### [WORK TASK]
Repeat exactly the line containing "Bolsa Tote Off-White Grande Recortes" and every line after it in the entries, and nothing besides.
===== AVAILABLE DATA
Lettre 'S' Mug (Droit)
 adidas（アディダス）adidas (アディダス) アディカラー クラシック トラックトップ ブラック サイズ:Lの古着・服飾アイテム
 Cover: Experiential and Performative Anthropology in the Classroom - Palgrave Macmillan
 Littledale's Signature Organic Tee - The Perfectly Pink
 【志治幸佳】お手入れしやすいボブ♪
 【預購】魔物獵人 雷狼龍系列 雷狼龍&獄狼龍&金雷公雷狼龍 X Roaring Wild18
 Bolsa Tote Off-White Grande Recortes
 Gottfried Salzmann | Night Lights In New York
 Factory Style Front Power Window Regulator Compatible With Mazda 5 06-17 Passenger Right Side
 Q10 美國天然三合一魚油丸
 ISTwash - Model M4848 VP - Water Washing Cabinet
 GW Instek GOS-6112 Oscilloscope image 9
==========
### [WRITTEN RESPONSE]
 Bolsa Tote Off-White Grande Recortes
 Gottfried Salzmann | Night Lights In New York
 Factory Style Front Power Window Regulator Compatible With Mazda 5 06-17 Passenger Right Side
 Q10 美國天然三合一魚油丸
 ISTwash - Model M4848 VP - Water Washing Cabinet
 GW Instek GOS-6112 Oscilloscope image 9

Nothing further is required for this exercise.